U.S. President Donald Trump looks on during a press briefing at the White House, on the one-year mark into his second term in office, in Washington, D.C., U.S., January 20, 2026. REUTERS Nathan Howard
President Donald Trump’s crusade against Federal Reserve Chairman Jerome Powell is motivated by Powell’s refusal to lower interest rate for Trump — and yet, as one economics expert pointed out, Trump’s vendetta is keeping inflation high.
“The person that Donald Trump wants to appoint to succeed Jerome Powell is this guy, Kevin Warsh, who his entire career was known as an inflation hawk, basically wanted tighter monetary policy,” economics journalist Catherine Rampell told conservative website The Bulwark’s Andrew Egger on Wednesday. “But lo and behold, [he] has changed his tune just in time to accept this nomination. And now he wants looser monetary policy, i.e. the lower interest rates that Donald Trump just coincidentally also happens to want.”
Rampell added, “He normally would sail through this confirmation process no problem, except for the fact that Thom Tillis, the senator from North Carolina who is retiring, has said: I like Kevin Warsh, but I will not allow any Fed appointment to go through … until Donald Trump drops this bogus investigation of Jerome Powell.”

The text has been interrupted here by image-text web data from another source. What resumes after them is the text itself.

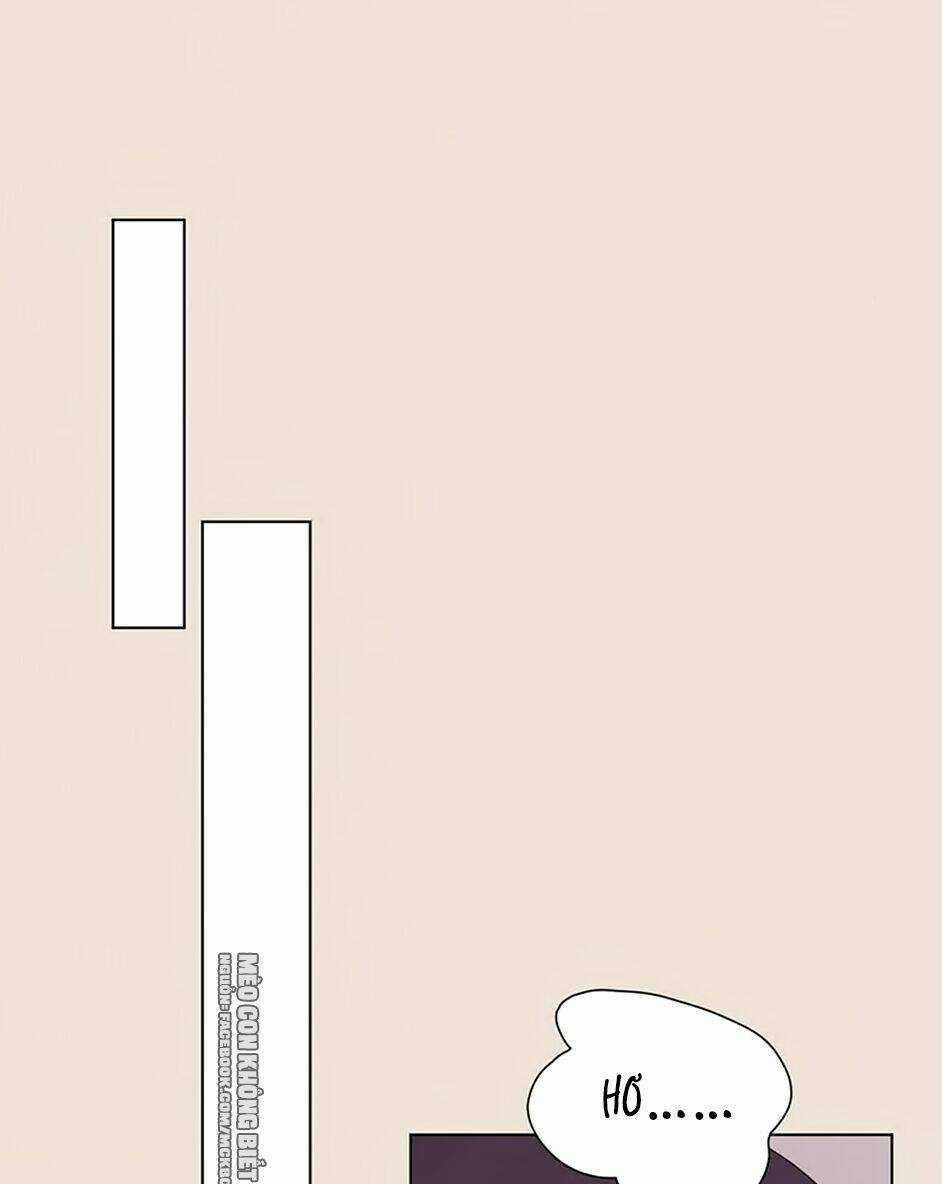 Nhịp Tim Cảnh Báo - Chapter 24 - Trang 38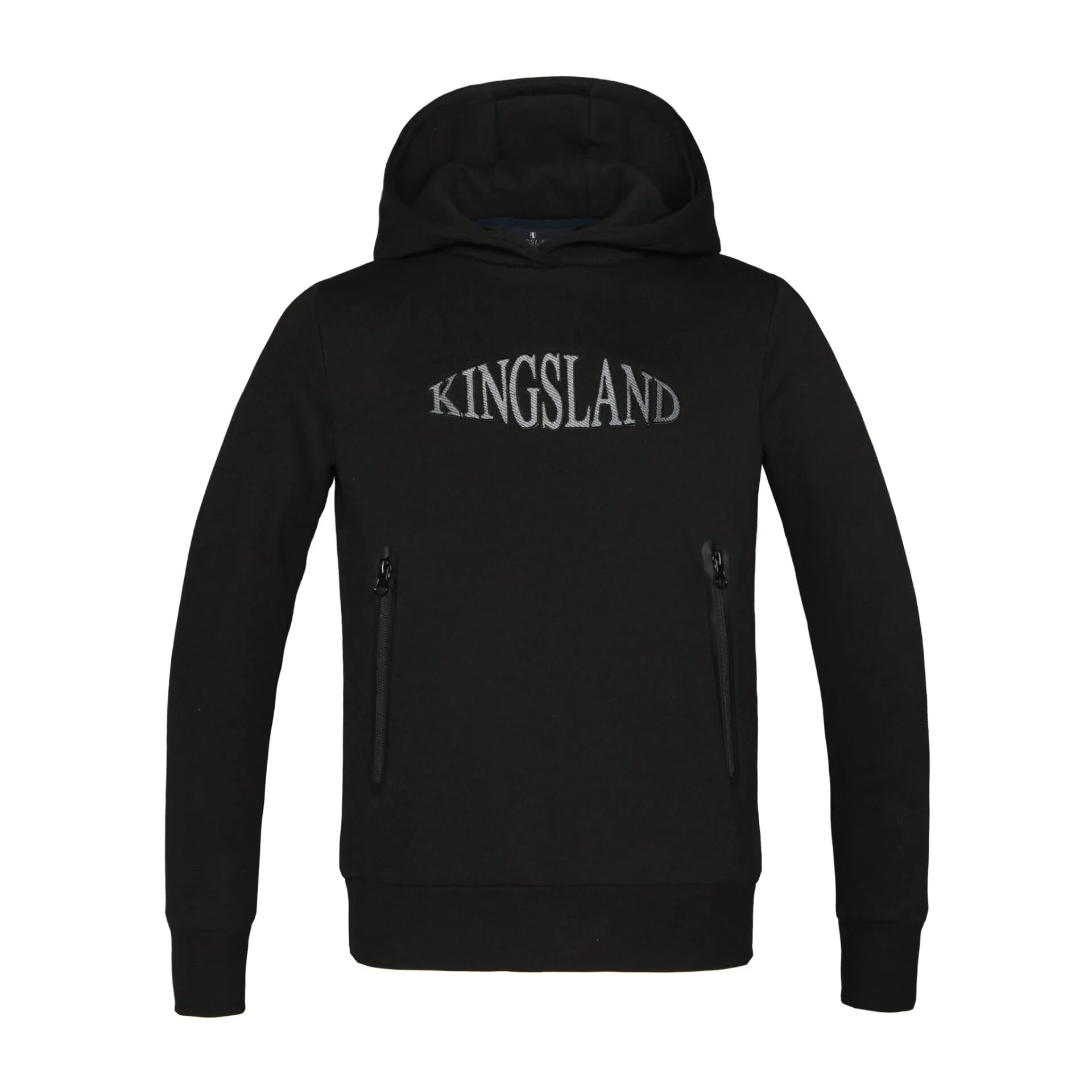 Kingsland Rocco Junior Hoodie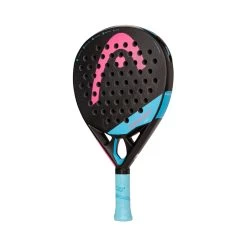 Head Gravity Pro -Tennis Serie Store 0418200000 0 6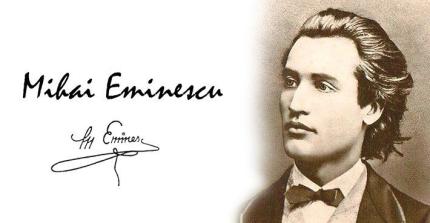 Cahul celebrează Ziua Națională a Culturii și 175 de ani de la nașterea lui Mihai Eminescu. Vezi programul: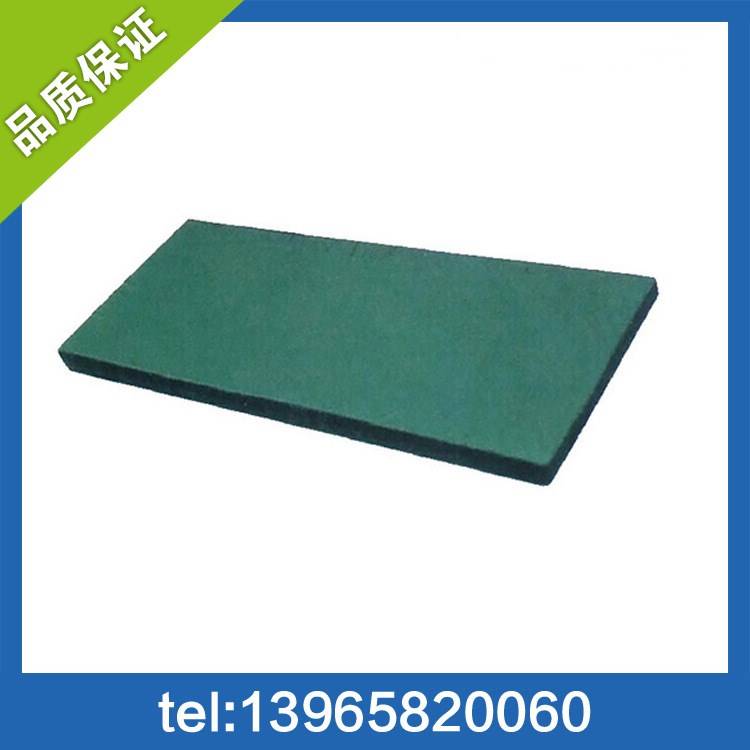 13類(lèi)塑料包裝的材料選用標(biāo)準(zhǔn)，史上最全！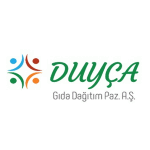 DUYÇA GIDA DAĞITIM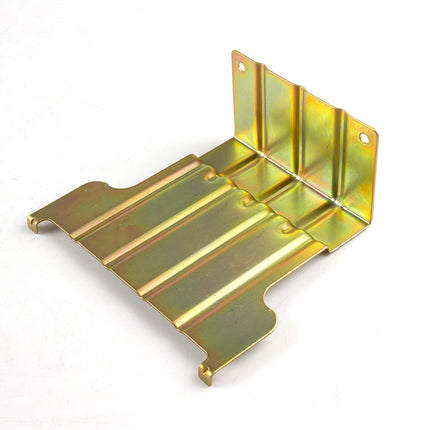 Left Battery Bracket for ZS1500D-2
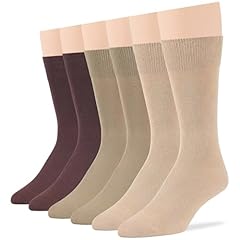 14 - Brown, Beige, Light Beige (A06)
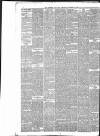 Liverpool Daily Post Wednesday 20 September 1876 Page 6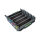 Brother Trommeleinheit DR-421CL HL-L8260/L-9310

Yet because Trump will not stop his politically-motivated prosecution of Powell, whose term expires in roughly a month anyway, he is undermining his own economic agenda. Trump’s war on Powell matches his attempt to fire other members of the Fed, Lisa Cook — a move that is also working its way through the Supreme Court, Rampell added.

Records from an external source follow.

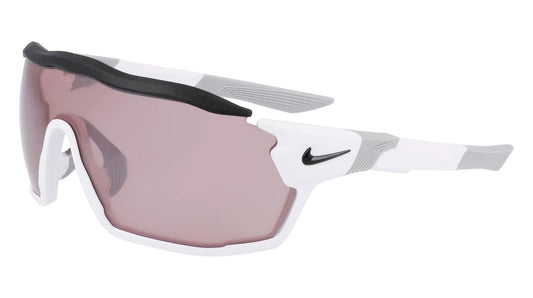 Nike SHOW-X-RUSH-E-D-100-5816 58mm New Sunglasses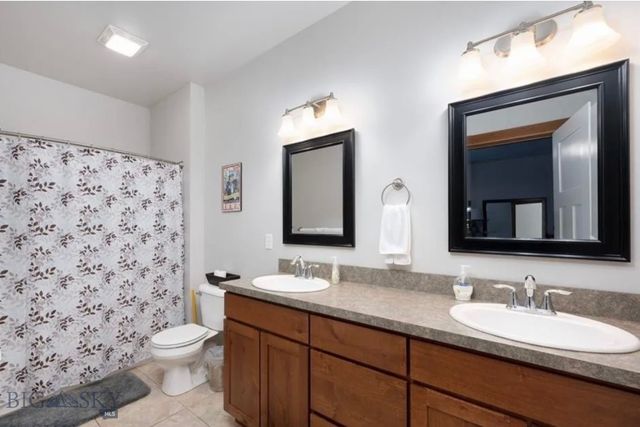1290 Manzanita Drive, Bozeman, MT 59715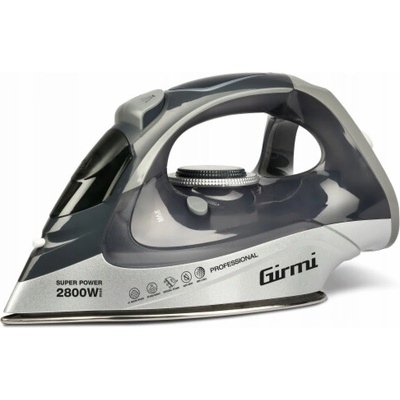 Girmi ST 63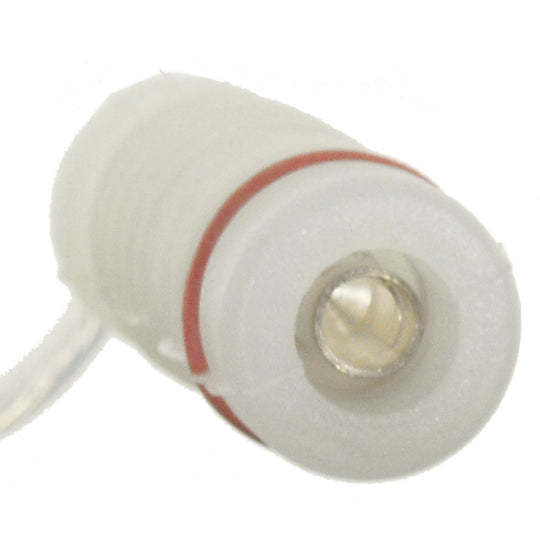 PWS175 Standard Ignition Disc Brake Pad Wear Sensor Standard Ignition Canada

The courts and Wall Street are not oblivious to his behavior, said Rampell, and it is undermining their faith in America’s financial institutions.
“This is really bad for inflation — the one thing that Donald Trump claimed he would deliver,” Rampell explained. “By trying to politicize the Fed, he is likely to, in the long run, make the Fed's ability to promote price stability and low inflation much worse.”
Pro-Trump entertainers like Fox Business network’s Maria Bartiromo tried to spin the level of inflation as good by arguing “the price shocks from crude oil are transitory.”
“It could have been a lot worse," Bartiromo said.
But spin like this is not working, and Trump’s hopes of prosecuting Powell are floundering in the “most basic steps of criminal investigations," according to the New York Times.
"The latest setback in the president's retribution campaign came on Friday when Judge James E. Boasberg of Federal District Court in Washington quashed grand jury subpoenas to the central bank for information about the renovations underway at its headquarters and Mr. Powell's testimony to Congress about them," reports the Times.